19年現在女子6人グループの5thアルバム。デビュー当時は、元気が取り柄で人気を博したが、今では“MUSIC”だけでも十分勝負ができる。
全12曲、多彩な楽曲群を歌いこなすことにまず驚く。なにしろ、岡崎体育提供のヒップホップ調からEDMへと複雑に曲調が変わる『Family Complex』も、キラキラなアイドル風のポップソング『明日もきっと70点』も、そして吉澤嘉代子提供で女子の退屈な1日を描いた『曇天』も、6人全員が高水準に聞かせるのだから。

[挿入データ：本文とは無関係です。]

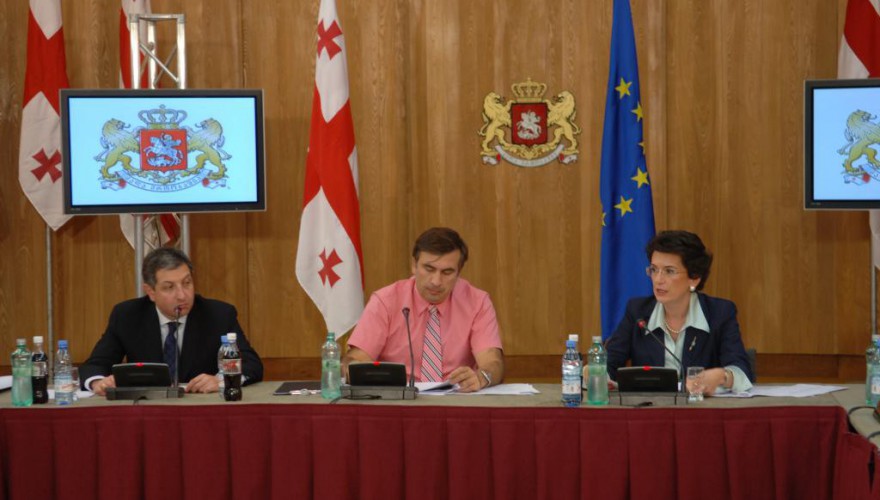 საქართველოს პარლამენტის თავმჯდომარე ნინო ბურჯანაძე ქუთაისში გამართულ მთავრობის გასვლით სხდომას დაესწრო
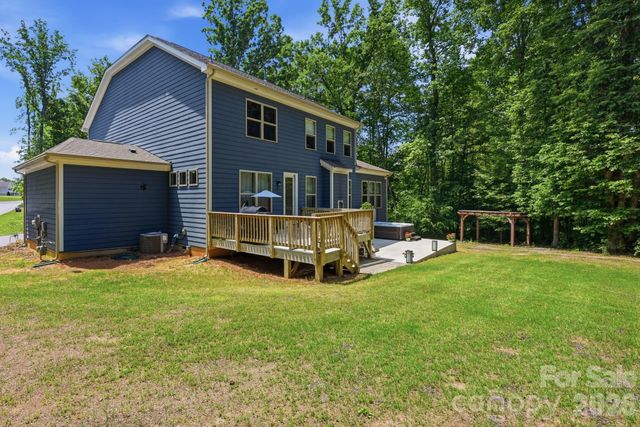 125 Sweet Grass Lane, Mooresville, NC 28115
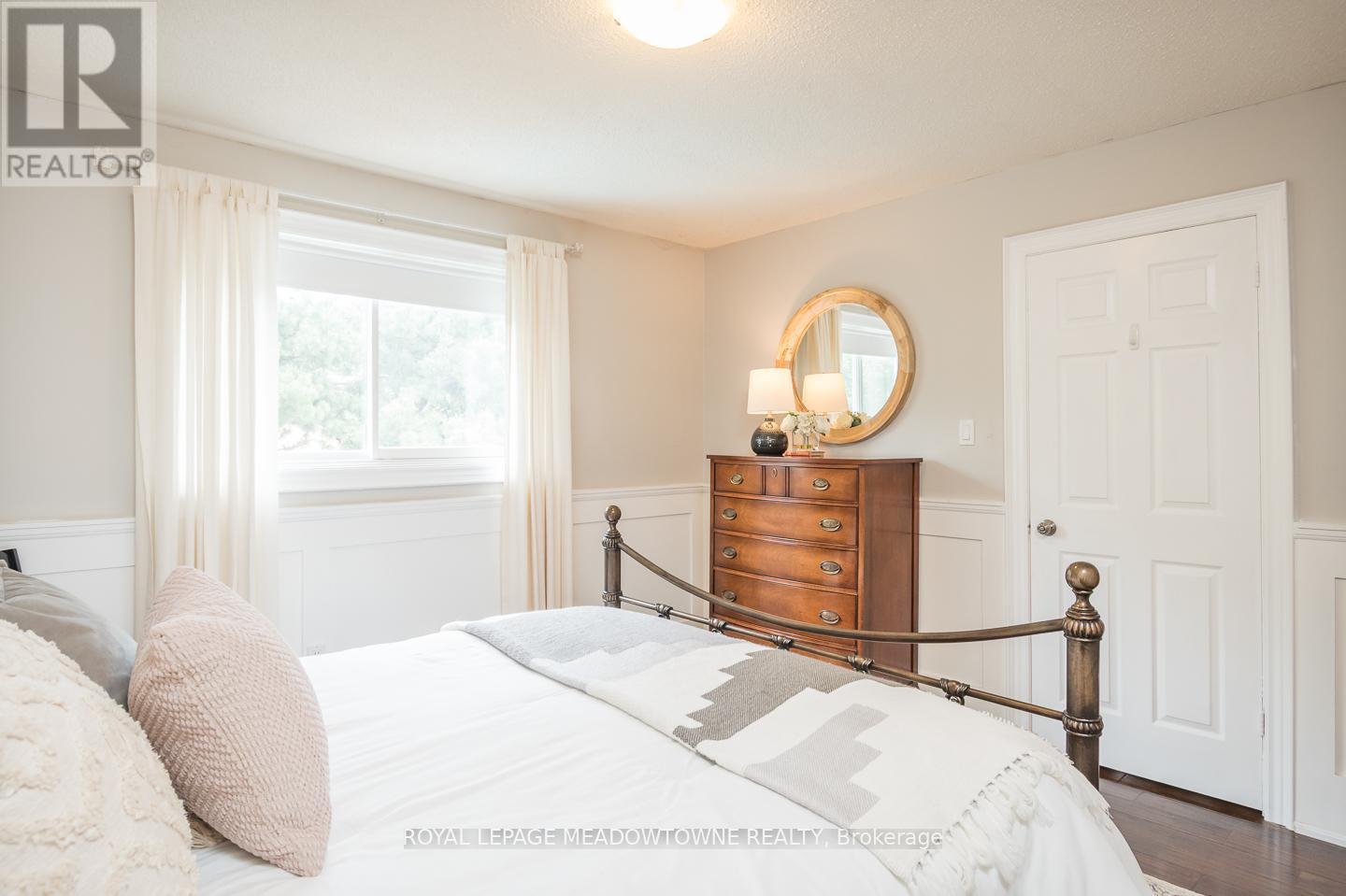 












265 RANDALL CRESCENT

,
Milton,




Ontario
L9T4X6


特に、後半6曲の構成が見事。爽快なスポーツ系エールソングの『BUZZER BEATER』は、90年代のSPEEDあたりを想起するほど真っ直ぐだし、ドリーミーなスローバラードの『星の数え方』は、かつての正統派ソロアイドルのように美しい。先輩・ももいろクローバーZとのコラボ曲『COLOR』は、TV映えする明るい声のももクロとの対比で、エビ中としての誠実さが見て取れる。そして、パワフルな要素とリズミカルな要素を上手く取り込んだのがMrs.GREEN APPLEの大森元貴が書き下ろした『シンガロン・シンガソン』。今の6人の実力がよく分かる。
あえて綺麗にまとめず、宮藤官九郎作詞でコント入りの『元気しかない!』でハチャメチャに終わるのも、続きが感じられて良い。本作を聴けば、日常においても先入観を超える勇気がもらえるはず。